I think it would make more sense there if it can be.

> +}
> +
> +/**
> + * cxl_walk_cel() - Walk through the Command Effects Log.
> + * @cxlm: Device.
> + * @size: Length of the Command Effects Log.
> + * @cel: CEL
> + *
> + * Iterate over each entry in the CEL and determine if the driver supports the
> + * command. If so, the command is enabled for the device and can be used later.
> + */
> +static void cxl_walk_cel(struct cxl_mem *cxlm, size_t size, u8 *cel)
> +{
> + struct cel_entry {
> + __le16 opcode;
> + __le16 effect;
> + } *cel_entry;
> + const int cel_entries = size / sizeof(*cel_entry);
> + int i;
> +
> + cel_entry = (struct cel_entry *)cel;
> +
> + for (i = 0; i < cel_entries; i++) {
> + const struct cel_entry *ce = &cel_entry[i];
> + const struct cxl_mem_command *cmd =
> + cxl_mem_find_command(le16_to_cpu(ce->opcode));
> +
> + if (!cmd) {
> + dev_dbg(&cxlm->pdev->dev, "Unsupported opcode 0x%04x",
> + le16_to_cpu(ce->opcode));
> + continue;
> + }
> +
> + cxl_enable_cmd(cxlm, cmd);
> + }
> +}
> +
> /**
> * cxl_mem_enumerate_cmds() - Enumerate commands for a device.
> * @cxlm: The device.
> @@ -1048,17 +1158,71 @@ static int cxl_mem_add_memdev(struct cxl_mem *cxlm)
> */
> static int cxl_mem_enumerate_cmds(struct cxl_mem *cxlm)
> {
> - struct cxl_mem_command *c;
> + struct cxl_mbox_get_supported_logs gsl;
> + const struct cxl_mem_command *c;

Make this const in previous patch to reduce the diff a tiny bit.
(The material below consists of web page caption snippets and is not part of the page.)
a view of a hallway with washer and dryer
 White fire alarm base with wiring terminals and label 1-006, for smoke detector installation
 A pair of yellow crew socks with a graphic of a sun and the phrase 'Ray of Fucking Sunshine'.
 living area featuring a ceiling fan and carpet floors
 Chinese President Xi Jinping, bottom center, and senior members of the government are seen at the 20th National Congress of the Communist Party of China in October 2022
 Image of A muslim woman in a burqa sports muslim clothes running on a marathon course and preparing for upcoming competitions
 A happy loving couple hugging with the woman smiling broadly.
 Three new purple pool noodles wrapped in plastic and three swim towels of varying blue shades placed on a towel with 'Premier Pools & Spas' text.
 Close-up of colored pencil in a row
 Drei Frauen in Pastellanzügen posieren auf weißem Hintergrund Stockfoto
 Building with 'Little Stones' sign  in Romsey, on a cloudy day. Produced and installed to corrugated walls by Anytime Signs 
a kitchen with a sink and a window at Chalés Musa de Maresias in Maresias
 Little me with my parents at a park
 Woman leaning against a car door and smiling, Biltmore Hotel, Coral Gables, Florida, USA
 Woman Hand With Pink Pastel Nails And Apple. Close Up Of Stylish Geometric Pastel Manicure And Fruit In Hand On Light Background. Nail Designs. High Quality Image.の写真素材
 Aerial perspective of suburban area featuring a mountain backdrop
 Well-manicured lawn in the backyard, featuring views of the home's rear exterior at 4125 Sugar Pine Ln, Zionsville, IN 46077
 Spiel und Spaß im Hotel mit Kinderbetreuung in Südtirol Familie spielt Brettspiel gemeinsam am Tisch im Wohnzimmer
> + struct mbox_cmd mbox_cmd;
> + int i, rc;
>
> - /* All commands are considered enabled for now (except INVALID). */
> + /* Pseudo commands are always enabled */
> cxl_for_each_cmd(c) {
> - if (c->flags & CXL_CMD_INTERNAL_FLAG_HIDDEN)
> + if (c->flags & CXL_CMD_INTERNAL_FLAG_PSEUDO)
> + cxl_enable_cmd(cxlm, c);
> + }
> +
> + rc = cxl_mem_mbox_get(cxlm, false);
> + if (rc)
> + return rc;
> +
> + mbox_cmd = (struct mbox_cmd){
> + .opcode = CXL_MBOX_OP_GET_SUPPORTED_LOGS,
> + .payload = &gsl,
> + .size_in = 0,

I raised a question on an earlier patch on why we aren't setting
size_out. Your docs say you should and it would make sense to
me to always do so, but right now it's unused.

> + };
> + rc = cxl_mem_mbox_send_cmd(cxlm, &mbox_cmd);
> + if (rc)
> + goto out;
> +
> + for (i = 0; i < le16_to_cpu(gsl.entries); i++) {
> + u32 size = le32_to_cpu(gsl.entry[i].size);
> + uuid_t uuid = gsl.entry[i].uuid;
> + u8 *log;
> +
> + dev_dbg(&cxlm->pdev->dev, "Found LOG type %pU of size %d",
> + &uuid, size);
> +
> + if (!uuid_equal(&uuid, &log_uuid[CEL_UUID]))
> continue;
>
> - set_bit(cxl_cmd_index(c), cxlm->enabled_cmds);
> + /*
> + * It's a hardware bug if the log size is less than the input
> + * payload size because there are many mandatory commands.
> + */
> + if (sizeof(struct cxl_mbox_get_log) > size) {
> + dev_err(&cxlm->pdev->dev,
> + "CEL log size reported was too small (%d)",
> + size);
> + rc = -ENOMEM;
> + goto out;
> + }
> +
> + log = kvmalloc(size, GFP_KERNEL);
> + if (!log) {
> + rc = -ENOMEM;
> + goto out;
> + }
> +
> + rc = cxl_xfer_log(cxlm, &uuid, size, log);
> + if (rc)
> + goto out;
> +
> + cxl_walk_cel(cxlm, size, log);
> +
> + kvfree(log);
> }
>
> - return 0;
> +out:
> + cxl_mem_mbox_put(cxlm);
> + return rc;
> }
>
> /**
> diff --git a/include/uapi/linux/cxl_mem.h b/include/uapi/linux/cxl_mem.h
> index 50acd6cc14d4..b504412d1db7 100644
> --- a/include/uapi/linux/cxl_mem.h
> +++ b/include/uapi/linux/cxl_mem.h
> @@ -33,6 +33,7 @@ extern "C" {
> C(INVALID, "Invalid Command"), \
> C(IDENTIFY, "Identify Command"), \
> C(RAW, "Raw device command"), \
> + C(GET_SUPPORTED_LOGS, "Get Supported Logs"), \
> C(MAX, "Last command")
> #undef C
> #define C(a, b) CXL_MEM_COMMAND_ID_##a